_What the task asks_: In the records below, begin at the line that has "TV Stand With" and stop after the line that has "Weinkühlschrank für 24"; quote those lines verbatim and nothing more.

_Material shown_:
* * * *

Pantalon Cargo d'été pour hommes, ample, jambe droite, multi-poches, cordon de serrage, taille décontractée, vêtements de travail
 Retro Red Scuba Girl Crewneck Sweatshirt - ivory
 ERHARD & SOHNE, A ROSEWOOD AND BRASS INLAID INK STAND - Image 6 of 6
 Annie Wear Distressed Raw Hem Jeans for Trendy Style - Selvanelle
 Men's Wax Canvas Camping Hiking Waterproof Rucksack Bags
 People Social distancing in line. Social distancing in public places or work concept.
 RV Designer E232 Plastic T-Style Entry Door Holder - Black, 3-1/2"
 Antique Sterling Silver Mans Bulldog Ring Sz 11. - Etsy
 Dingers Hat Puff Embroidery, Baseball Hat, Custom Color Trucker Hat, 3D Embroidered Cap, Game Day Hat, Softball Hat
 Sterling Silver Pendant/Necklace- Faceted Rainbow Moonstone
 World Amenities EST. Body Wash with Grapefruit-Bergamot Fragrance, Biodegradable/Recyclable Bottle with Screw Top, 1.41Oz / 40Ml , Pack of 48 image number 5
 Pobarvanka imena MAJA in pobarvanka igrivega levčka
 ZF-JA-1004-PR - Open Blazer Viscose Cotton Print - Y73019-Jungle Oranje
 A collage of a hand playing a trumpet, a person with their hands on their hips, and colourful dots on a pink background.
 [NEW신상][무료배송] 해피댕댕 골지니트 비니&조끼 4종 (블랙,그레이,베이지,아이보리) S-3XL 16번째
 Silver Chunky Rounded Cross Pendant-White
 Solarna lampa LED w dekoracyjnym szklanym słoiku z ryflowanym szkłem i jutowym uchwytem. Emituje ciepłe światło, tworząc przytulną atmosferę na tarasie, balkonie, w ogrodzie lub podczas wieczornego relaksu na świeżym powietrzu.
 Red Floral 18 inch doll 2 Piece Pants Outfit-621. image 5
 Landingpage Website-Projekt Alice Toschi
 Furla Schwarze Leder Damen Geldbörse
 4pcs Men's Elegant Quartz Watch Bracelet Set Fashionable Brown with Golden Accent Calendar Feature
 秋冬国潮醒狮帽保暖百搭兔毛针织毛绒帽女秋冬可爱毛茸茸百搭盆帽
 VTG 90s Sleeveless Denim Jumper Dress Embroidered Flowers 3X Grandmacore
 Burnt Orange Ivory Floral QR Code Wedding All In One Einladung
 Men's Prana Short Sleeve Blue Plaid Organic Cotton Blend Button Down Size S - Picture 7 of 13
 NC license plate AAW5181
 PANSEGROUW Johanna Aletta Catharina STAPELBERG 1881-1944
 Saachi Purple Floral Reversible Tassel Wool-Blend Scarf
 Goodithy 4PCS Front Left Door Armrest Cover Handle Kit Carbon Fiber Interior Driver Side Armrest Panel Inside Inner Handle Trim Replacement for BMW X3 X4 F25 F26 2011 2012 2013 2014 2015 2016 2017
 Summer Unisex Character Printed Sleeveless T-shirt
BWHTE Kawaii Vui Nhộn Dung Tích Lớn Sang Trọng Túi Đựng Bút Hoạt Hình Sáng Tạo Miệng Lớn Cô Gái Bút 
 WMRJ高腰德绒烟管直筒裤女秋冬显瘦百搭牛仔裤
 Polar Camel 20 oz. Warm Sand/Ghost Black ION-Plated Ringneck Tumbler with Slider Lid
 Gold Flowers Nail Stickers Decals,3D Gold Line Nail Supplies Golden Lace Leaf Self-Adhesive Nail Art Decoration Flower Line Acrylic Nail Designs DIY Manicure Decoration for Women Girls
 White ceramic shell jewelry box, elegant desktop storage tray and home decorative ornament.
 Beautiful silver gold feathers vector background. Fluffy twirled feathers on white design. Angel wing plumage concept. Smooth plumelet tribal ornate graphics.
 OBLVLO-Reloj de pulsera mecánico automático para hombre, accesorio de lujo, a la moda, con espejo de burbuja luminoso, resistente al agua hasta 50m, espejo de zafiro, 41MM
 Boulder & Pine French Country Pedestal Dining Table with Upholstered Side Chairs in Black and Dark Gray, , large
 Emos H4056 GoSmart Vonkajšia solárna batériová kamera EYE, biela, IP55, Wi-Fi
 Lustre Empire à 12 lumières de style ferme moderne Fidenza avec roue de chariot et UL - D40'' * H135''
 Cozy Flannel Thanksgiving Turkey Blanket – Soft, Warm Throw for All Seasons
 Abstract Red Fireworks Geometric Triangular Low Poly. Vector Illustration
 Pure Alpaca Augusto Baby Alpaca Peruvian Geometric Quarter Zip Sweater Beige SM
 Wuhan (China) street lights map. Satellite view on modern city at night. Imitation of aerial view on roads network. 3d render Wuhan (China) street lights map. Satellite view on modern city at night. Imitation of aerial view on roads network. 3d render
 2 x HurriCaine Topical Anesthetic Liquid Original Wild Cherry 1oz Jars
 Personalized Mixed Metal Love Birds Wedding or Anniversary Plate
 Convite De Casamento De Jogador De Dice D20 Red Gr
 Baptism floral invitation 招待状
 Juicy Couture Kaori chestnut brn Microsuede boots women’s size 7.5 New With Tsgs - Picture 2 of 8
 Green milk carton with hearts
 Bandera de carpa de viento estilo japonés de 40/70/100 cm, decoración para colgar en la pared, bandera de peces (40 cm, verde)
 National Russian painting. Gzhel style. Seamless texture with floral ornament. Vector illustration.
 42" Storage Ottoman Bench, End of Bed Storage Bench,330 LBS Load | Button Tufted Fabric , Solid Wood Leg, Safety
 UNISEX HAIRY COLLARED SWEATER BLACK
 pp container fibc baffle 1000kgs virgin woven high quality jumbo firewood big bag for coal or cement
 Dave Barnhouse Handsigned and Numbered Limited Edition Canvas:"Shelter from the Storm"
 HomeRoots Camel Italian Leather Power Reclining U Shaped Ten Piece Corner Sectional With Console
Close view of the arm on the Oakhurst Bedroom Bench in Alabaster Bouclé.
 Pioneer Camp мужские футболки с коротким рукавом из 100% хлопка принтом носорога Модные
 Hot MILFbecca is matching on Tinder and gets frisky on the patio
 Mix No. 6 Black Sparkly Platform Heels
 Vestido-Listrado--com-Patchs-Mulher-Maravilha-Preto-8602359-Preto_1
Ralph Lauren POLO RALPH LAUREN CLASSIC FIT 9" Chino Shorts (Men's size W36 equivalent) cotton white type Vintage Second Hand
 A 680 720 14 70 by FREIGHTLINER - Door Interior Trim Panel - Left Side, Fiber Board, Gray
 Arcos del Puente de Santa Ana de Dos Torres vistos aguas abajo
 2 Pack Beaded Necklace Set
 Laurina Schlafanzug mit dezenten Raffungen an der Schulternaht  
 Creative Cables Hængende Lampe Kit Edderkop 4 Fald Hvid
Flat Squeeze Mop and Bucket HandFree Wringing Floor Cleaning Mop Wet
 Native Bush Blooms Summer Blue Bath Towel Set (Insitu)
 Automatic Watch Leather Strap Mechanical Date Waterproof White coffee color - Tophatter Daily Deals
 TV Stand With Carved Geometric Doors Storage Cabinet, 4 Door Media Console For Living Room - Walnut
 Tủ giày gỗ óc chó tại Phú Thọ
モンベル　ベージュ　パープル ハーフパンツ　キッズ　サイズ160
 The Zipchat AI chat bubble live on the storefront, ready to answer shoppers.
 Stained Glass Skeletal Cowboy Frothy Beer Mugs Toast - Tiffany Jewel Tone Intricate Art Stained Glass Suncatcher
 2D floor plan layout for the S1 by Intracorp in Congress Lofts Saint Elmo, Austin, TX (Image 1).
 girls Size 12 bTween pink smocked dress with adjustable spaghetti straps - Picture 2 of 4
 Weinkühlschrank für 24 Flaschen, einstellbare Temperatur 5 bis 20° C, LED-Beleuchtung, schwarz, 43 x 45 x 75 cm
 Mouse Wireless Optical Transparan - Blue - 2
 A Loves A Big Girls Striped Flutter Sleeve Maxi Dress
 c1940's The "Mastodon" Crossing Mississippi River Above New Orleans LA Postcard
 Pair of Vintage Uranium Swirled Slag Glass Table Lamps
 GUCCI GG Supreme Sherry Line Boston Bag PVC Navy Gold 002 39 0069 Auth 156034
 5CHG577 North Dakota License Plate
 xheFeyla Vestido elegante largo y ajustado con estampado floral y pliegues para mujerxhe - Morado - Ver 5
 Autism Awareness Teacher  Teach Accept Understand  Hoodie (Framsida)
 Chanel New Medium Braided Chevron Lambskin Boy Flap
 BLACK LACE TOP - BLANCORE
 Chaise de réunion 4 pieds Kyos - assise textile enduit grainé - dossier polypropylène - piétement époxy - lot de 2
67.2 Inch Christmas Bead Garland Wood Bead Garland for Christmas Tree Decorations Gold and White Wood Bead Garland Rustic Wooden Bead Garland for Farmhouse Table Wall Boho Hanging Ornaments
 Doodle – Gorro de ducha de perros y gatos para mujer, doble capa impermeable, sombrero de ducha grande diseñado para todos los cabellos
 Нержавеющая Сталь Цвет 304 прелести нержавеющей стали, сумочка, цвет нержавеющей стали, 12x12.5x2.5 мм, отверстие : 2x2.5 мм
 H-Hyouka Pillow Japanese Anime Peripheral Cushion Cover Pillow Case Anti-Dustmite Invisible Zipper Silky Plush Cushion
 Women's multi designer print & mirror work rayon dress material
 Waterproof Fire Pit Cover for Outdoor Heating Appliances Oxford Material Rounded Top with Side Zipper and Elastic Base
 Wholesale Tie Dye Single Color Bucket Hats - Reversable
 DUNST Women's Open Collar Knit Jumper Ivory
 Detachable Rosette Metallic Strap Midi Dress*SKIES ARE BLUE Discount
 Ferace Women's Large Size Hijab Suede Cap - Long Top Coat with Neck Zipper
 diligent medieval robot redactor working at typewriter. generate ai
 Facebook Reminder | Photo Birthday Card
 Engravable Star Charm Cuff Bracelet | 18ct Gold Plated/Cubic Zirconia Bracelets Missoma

* * * *

_Solved problem_:
 TV Stand With Carved Geometric Doors Storage Cabinet, 4 Door Media Console For Living Room - Walnut
 Tủ giày gỗ óc chó tại Phú Thọ
モンベル　ベージュ　パープル ハーフパンツ　キッズ　サイズ160
 The Zipchat AI chat bubble live on the storefront, ready to answer shoppers.
 Stained Glass Skeletal Cowboy Frothy Beer Mugs Toast - Tiffany Jewel Tone Intricate Art Stained Glass Suncatcher
 2D floor plan layout for the S1 by Intracorp in Congress Lofts Saint Elmo, Austin, TX (Image 1).
 girls Size 12 bTween pink smocked dress with adjustable spaghetti straps - Picture 2 of 4
 Weinkühlschrank für 24 Flaschen, einstellbare Temperatur 5 bis 20° C, LED-Beleuchtung, schwarz, 43 x 45 x 75 cm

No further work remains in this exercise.